This is a book aimed mainly at children and teens, but as I had bought it I read it anyway. There is no plot, so it won't appeal to anyone who likes constant action. It's more of an exploration of the beauty in nature, the small details that we may miss when we think we have years and years to notice them. The narrator of the story knows her life may well be short as she has a serious heart complaint, and it's good to have an opportunity to see things through her eyes. One I'm looking forward to my children reading.
Her parents are divorced and Gussie’s mother moves the two of them to a cottage on the outskirts of St Ives on the North Coast of Cornwall. She hopes that the milder Cornish climate and the better air quality will help Gussie’s health.
Because Gussie has a congenital heart defect.

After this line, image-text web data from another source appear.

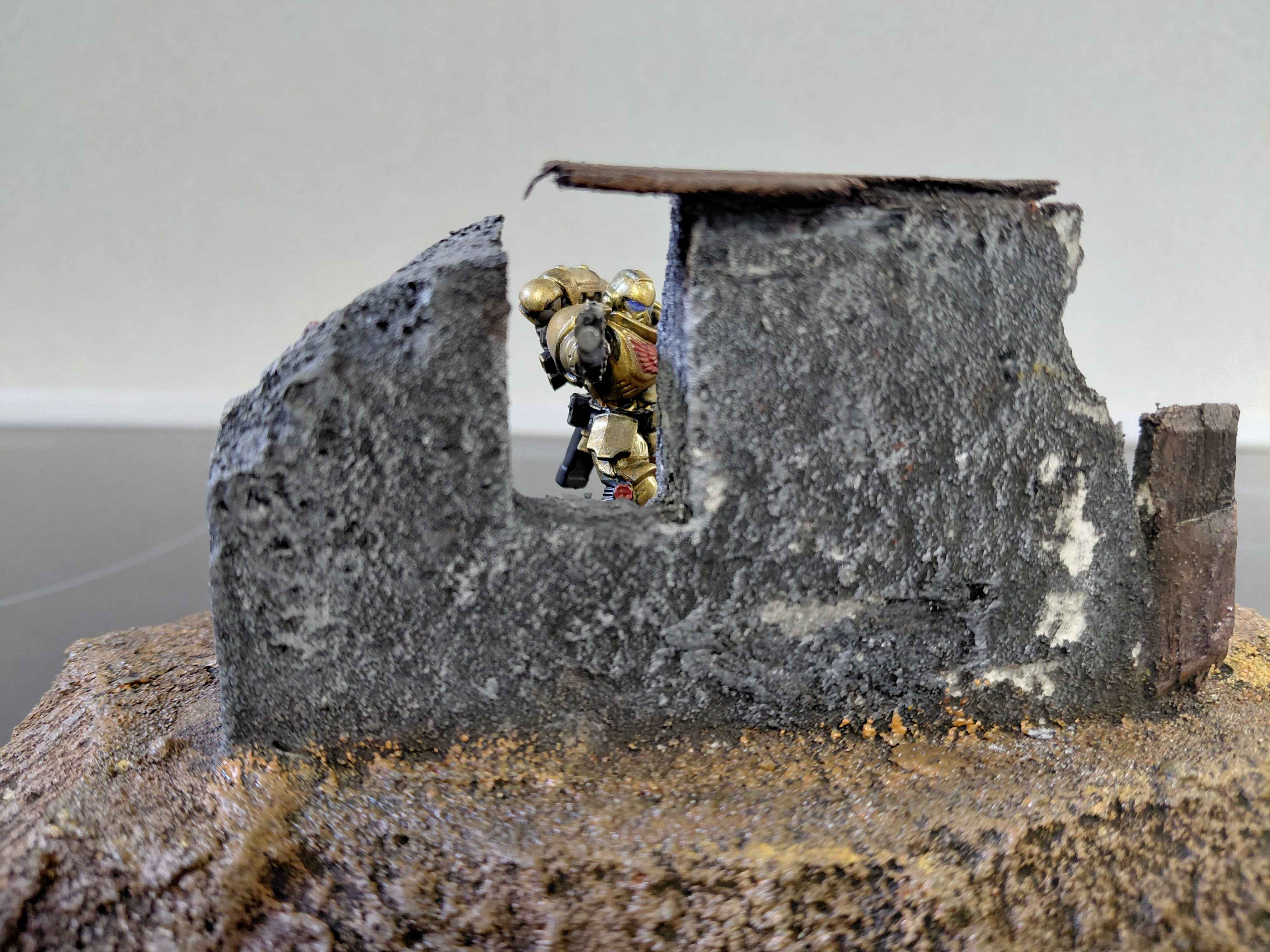 Polystyrene terrain experiment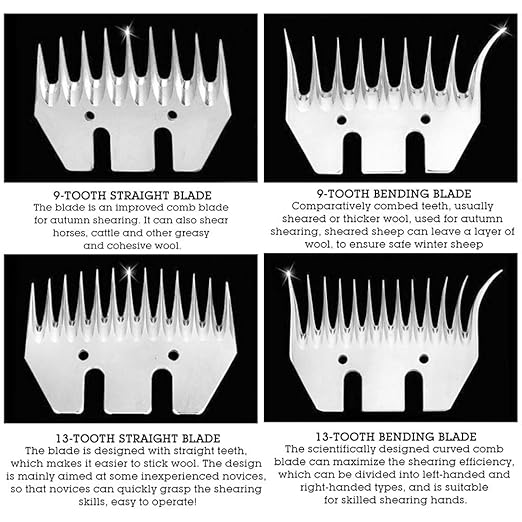 Sheep Shears For Dogs, Dog Grooming Blades, Sheep Shears Replacement Blades Stainless Steel Clipper Blades For Dog Grooming Grooming Blades for Grooming Goats, Lambs, Llamas, Alpacas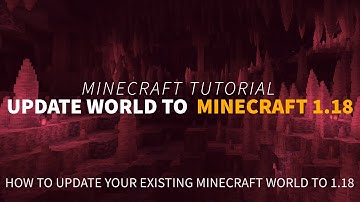 How to Update Your Existing Minecraft World to 1.18 Caves & Cliffs Pt. 2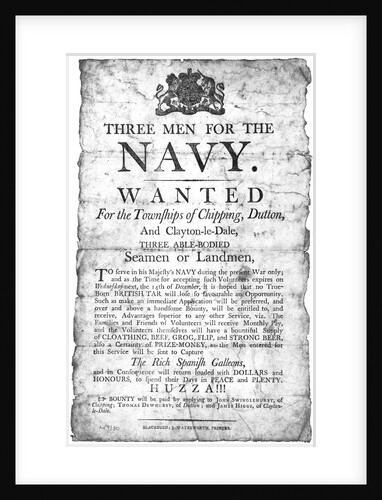 Three men for the Navy by unknown
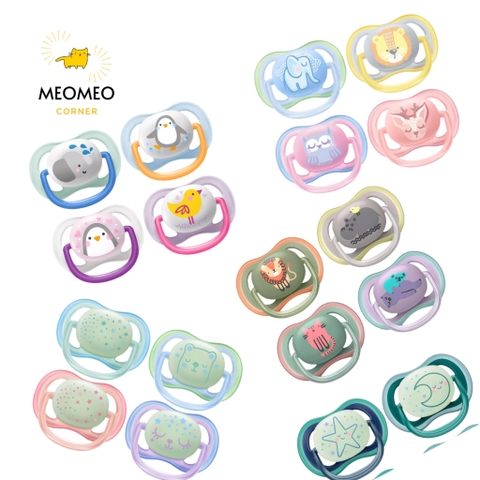 Ti giả/ Ty giả Avent Ultra Air cho bé đủ mẫu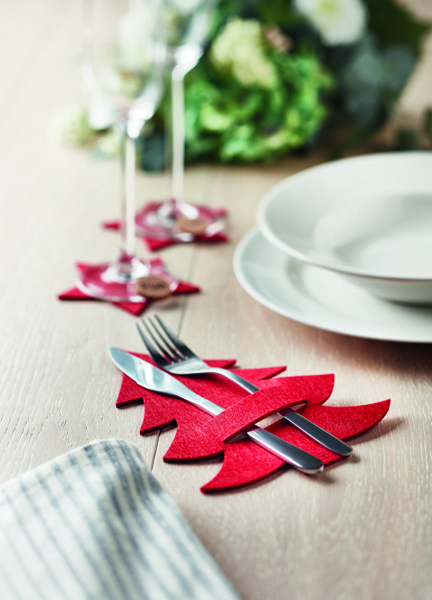RPET felt cutlery holder set Treesguard - Red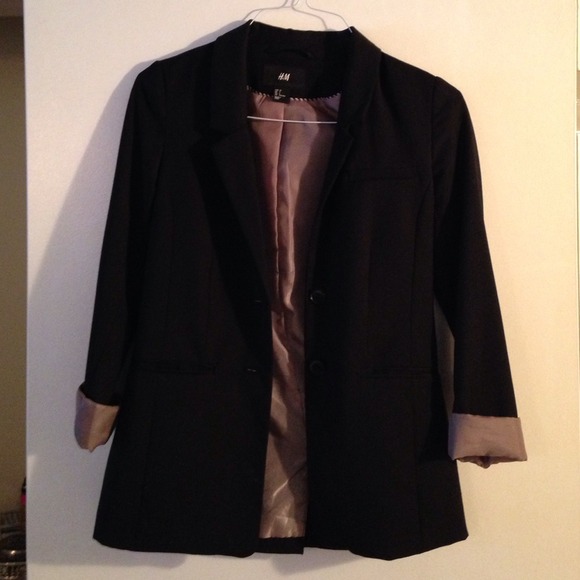 H&M black boyfriend fit blazer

Her life expectancy isn’t great, but a heart and lung transplant offers some hope, if only a match can be found.
Gussie’s life is constricted, because she is quickly short of breath and she can’t go to school for fear of picking up an everyday illness that would compromise her heart.
It could be depressing, but it really isn’t.
Because Gussie is wonderfully alive, her thoughts dashing here and there, because there really is so much to take in, so much to think about.
Her head is full of films and books. And she observes the world around her, and in time the everyday wonders of nature that she sees but so many people miss captivate her, even pushing those films and books to one side.
It was wonderful to spend time with her.
Not too much happens, but that really doesn’t matter. Gussie observes the day-to-day details of life beautifully, and that, together with her cares and concerns, paints a wonderfully rich, complex picture of her inner life.
What this is, you see, is a quite beautifully written meditation on the importance of the small details of life, and the ordinary things that are actually so very special.
This is a book packed full of so many wonderful thoughts, sights and incidents. And it’s a book with the power to touch your heart and soul, and to make you look at the world a little differently.
I am so glad I met Gussie, and I am not quite ready to let her go.
Wonderful. I read a fair few books aimed a younger readers - mostly in the hope that every now and then I stumble on one that has a lot to offer me as an adult and this is one. It wasn't the obvious things that appealed - my reaction wasn't one of feeling sympathy for a child facing a serious illness - my respect came more for the way Kelley has captured a young girl taking in and taking control of her environment. A believable set of characters, and I'm pleased there is a sequel so I can spend more time in their company.
Actually 3/5 stars :') The writing style was BEAUTIFUL, but i was expecting more of a quick read. Mostly Gussie's inner dialogue and her view of the world/her memories. The thing was, when i put it down i didn't feel the need to pick it back up again ... Review should be up later!
So far I love this book. This book is agem ever page for me was a aha moment. I am keeping this book in my bookshelf for my daughters and granddaughters to read
Really lovely, and a winning main character. It doesn't have loads of plot but what it lacks in that arena, it makes up for in personality and sweetness.
Teen fiction but probably enjoyable to all age ranges interested in the beauty of nature and the brevity of human life. Quite lyrical but the maturity of this 12 year old girl was inauthentic to me, no matter how much she had experienced in her short life. Maybe over analytical of me but the characteristics of grandparents (born in the 1920s if her mother is 53 in 1999) she described were more in keeping with the generation before that.
Very moving, beautifully written book. I had no idea what to expect when I started this story of a young girl's vulnerable life in Cornwall. It soon became clear that this story is about so much more than the family trauma of a life-threatening illness. The wonderful writing helps the narrator express tenderness, awe, and the beauty of living for the moment that makes this book, and its narrator unforgettable. It is a story that will live with you long after you finish reading it.
I really liked this but I can't figure out why. I don't feel like there was a plot and I couldn't relate to Gussie. It was well written and I learned a lot but not my favorite.